Garfield AI preparou quatro depoimentos de testemunhas, organizou toda a documentação necessária e respondeu a uma reconvenção apresentada pela parte contrária, que foi representada por advogados. Para a audiência, ele contratou apenas um advogado para garantir a representação na Justiça.
Segundo o jornal britânico The Guardian, o caso foi julgado no dia 14 de maio, no Tribunal do Condado de Wandsworth, durante uma sessão com duração de cerca de três horas.
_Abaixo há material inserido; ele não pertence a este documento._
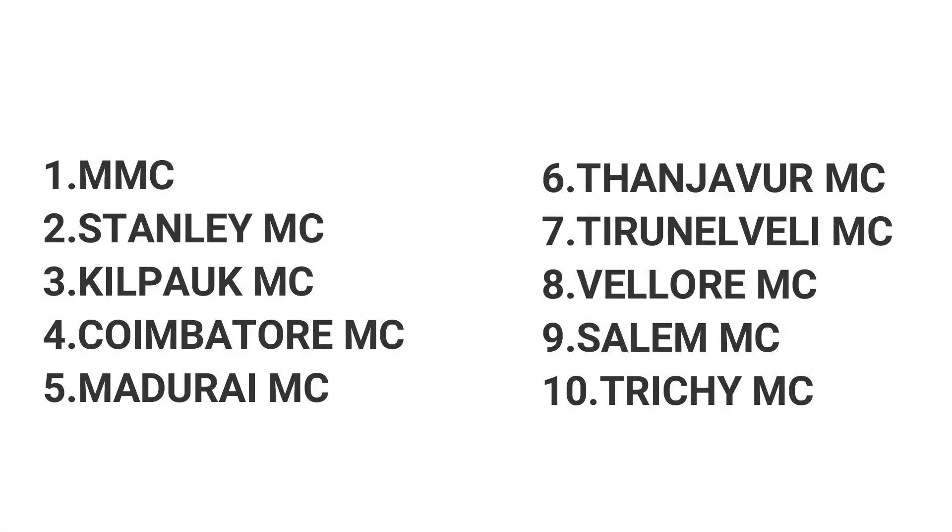First point: in my last video I covered the top 10 colleges, right? MMC, Stanley, King Park, Coimbatore Medical College, Madurai, then Thanjavur, Tirunelveli, Salem, Trichy. So if you have good marks, you can choose one among these 10 colleges, not at all an issue.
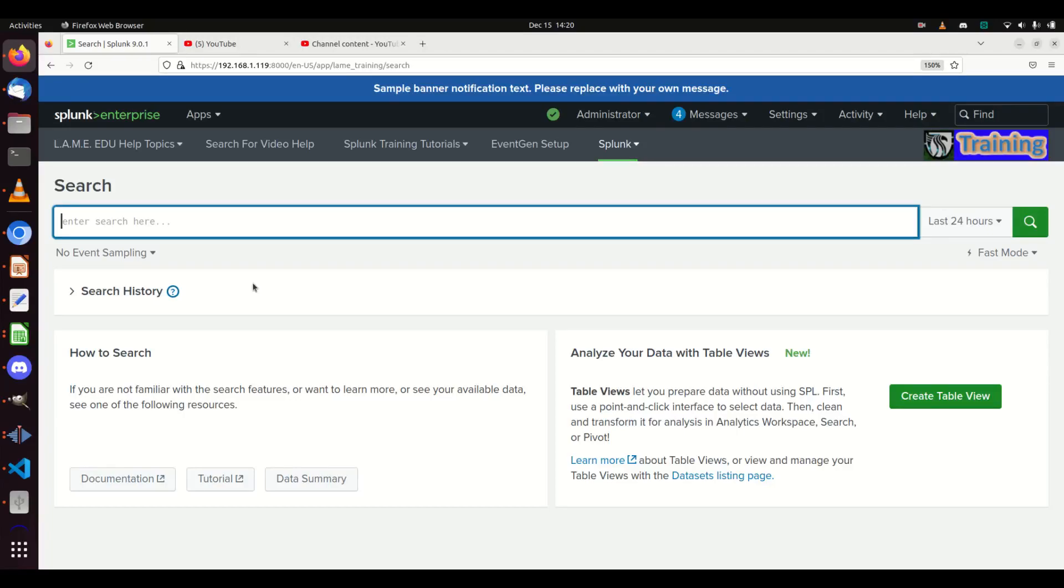EventGen is the ability to bring in logs that you control. So maybe you have a test environment and you don't have any logs coming in - you can use EventGen and it will generate them.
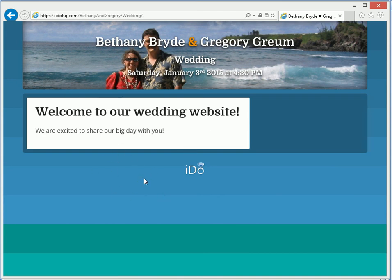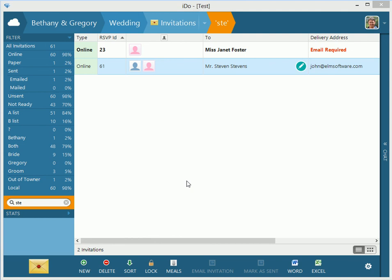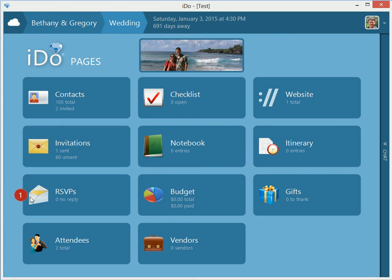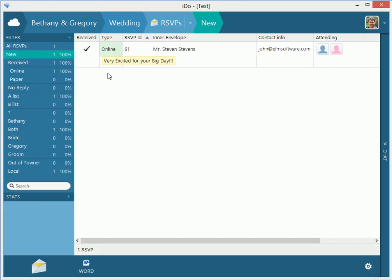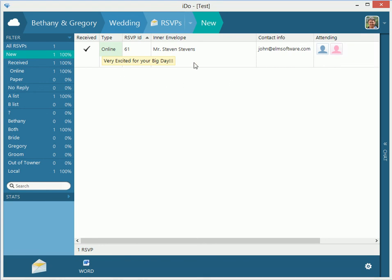They get a thank-you message confirming the RSVP was received, and they can click Continue to get back to your website. Let's go back to the home screen to see what happened. There's a notification that we received an online RSVP. We click on it and here it is — Steven Stevens responded, two people are attending, Sally Sweet is the guest, and the note says 'Very excited for your big day.' You can send it out, and if they have a device they can respond in seconds at really no cost to you. That's a full loop of the online invitation.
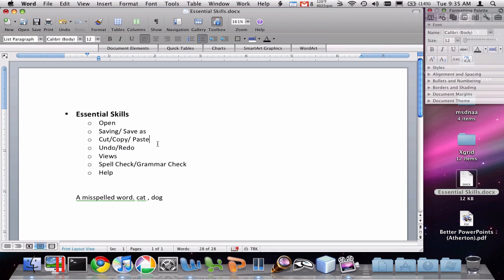This has just been a quick video on some of the very essential skills in Word.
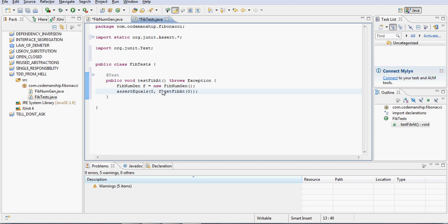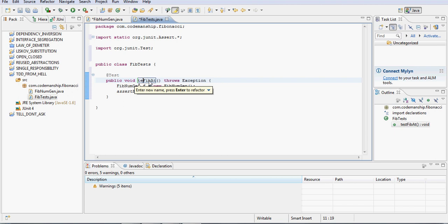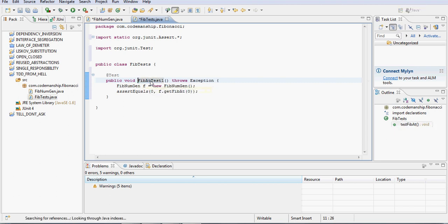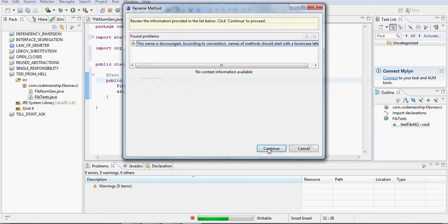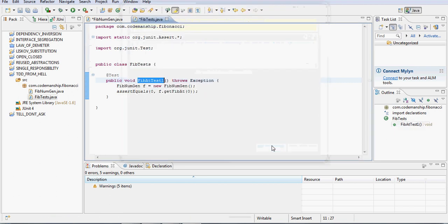Now before I run the tests, I'd better just fix, I don't think that's a particularly meaningful name, so let's rename that to something more meaningful like that. Let's just continue with that.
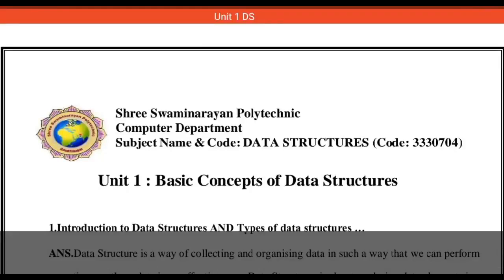Hello students, myself Deepika Prajapati from the computer department. Today we are going to discuss the revision of chapter number one: basic concepts of data structure. We have already completed our syllabus on data structure, and now revision starts from chapter number one. The first question regarding this chapter is: introduction to data structure and types of data structure.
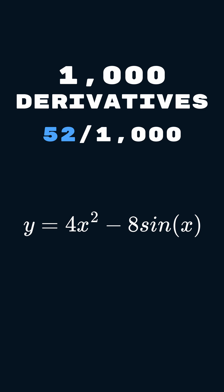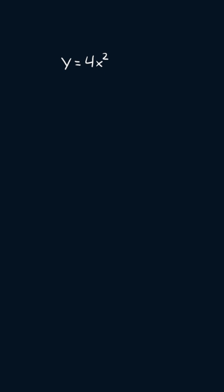This is day 52 of doing 1000 derivatives, one every single day. And today's derivative is y equals 4x squared minus 8 times sine of x.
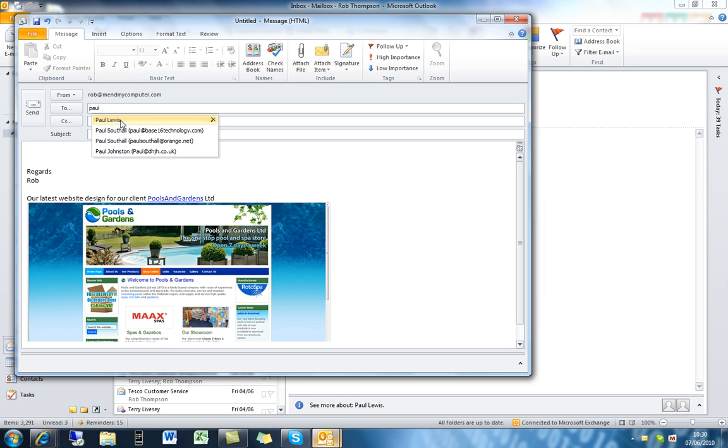Now by default it's going to email to Paul Lewis if I just hit the tab key here. If I didn't want to be sending to that person and I make that mistake a lot, I might want to remove them from this list.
A decisão foi favorável à Tamires Camal Taquidir, que teve reconhecido o direito de receber o valor devido.
A consultoria afirmou que o processo parecia muito caro, demorado e desgastante, mas que a Garfield AI tornou possível entrar com a ação e também enfrentar a tentativa de intimidação por meio da reconvenção.
Philip Young, cofundador da Garfield AI, classificou o resultado como um “momento histórico” para o acesso à justiça, argumentando que muitas pequenas empresas acabam desistindo de recuperar créditos porque os custos de um processo judicial muitas vezes superam o valor que esperam receber.
Já o advogado Dominic Li, responsável por representar a cliente na audiência, considerou que a inteligência artificial apresentou o caso de forma clara e eficiente, embora tenha ressaltado que a defesa na Justiça continua sendo “um exercício essencialmente humano”.
A decisão ocorre em um momento em que o uso de inteligência artificial no setor jurídico tem estado sob análise.
No mês passado, o escritório internacional de advocacia Pinsent Masons, com sede em Londres, relatou ao órgão regulador da profissão dois casos em que enganou o tribunal devido a resultados fornecidos por um sistema interno de inteligência artificial.